------ GIVEN ENTRIES

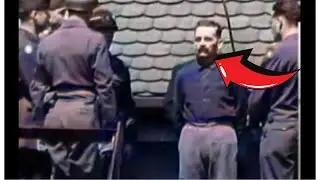Last Minute of Johann Viktor Kirsch &ndash; SS Officer Executed at Landsberg, 1946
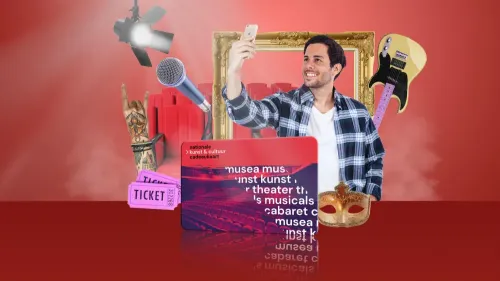 Beleef onvergetelijke momenten met jouw Nationale Kunst & Cultuur Cadeaukaart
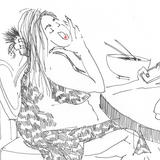 'we left Hong Kong when I was a child' 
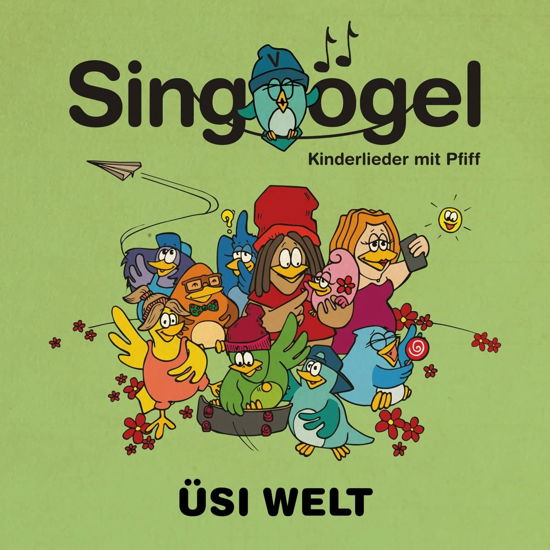 Singvogel · Usi Welt (CD) (2023)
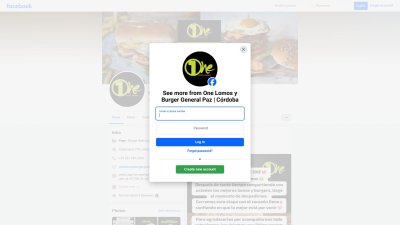 One Lomos y Burger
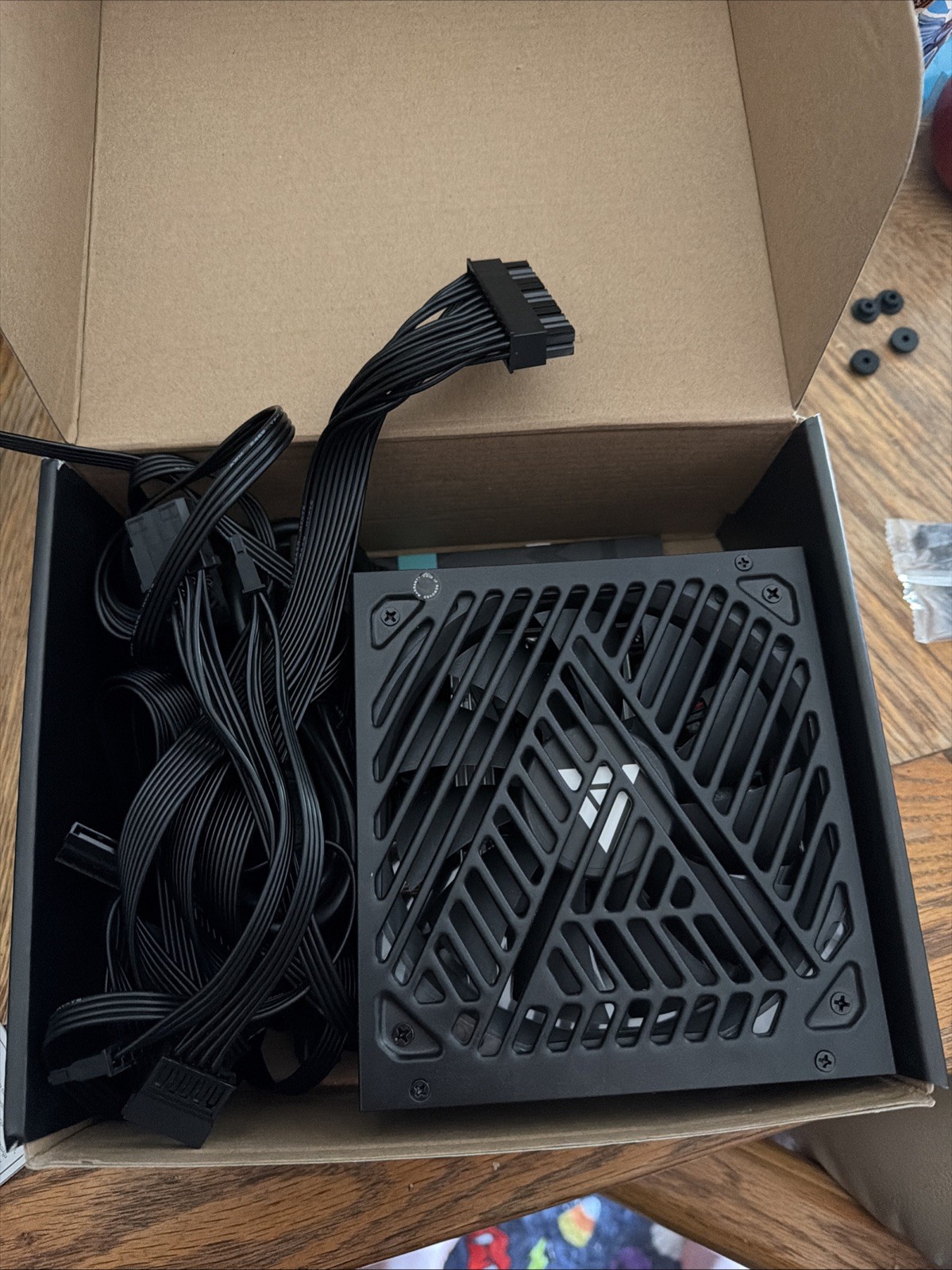 Apevia ATX-SL750W Soul 750W Fully Modular ATX Active PFC Power Supply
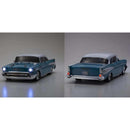 Kyosho - 1/10 EP 4WD Fazer Mk2 FZ02L Readyset 1957 Chevy Bel Air Coupe, Tropical Turquoise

------------

* [WHAT THE TASK REQUIRES]: Print, exactly and without pictures, the lines from the one holding "One Lomos y Burger" through the last line of the entries above, both included.

* [SOLVED EXERCISE]:
 One Lomos y Burger
 Apevia ATX-SL750W Soul 750W Fully Modular ATX Active PFC Power Supply
 Kyosho - 1/10 EP 4WD Fazer Mk2 FZ02L Readyset 1957 Chevy Bel Air Coupe, Tropical Turquoise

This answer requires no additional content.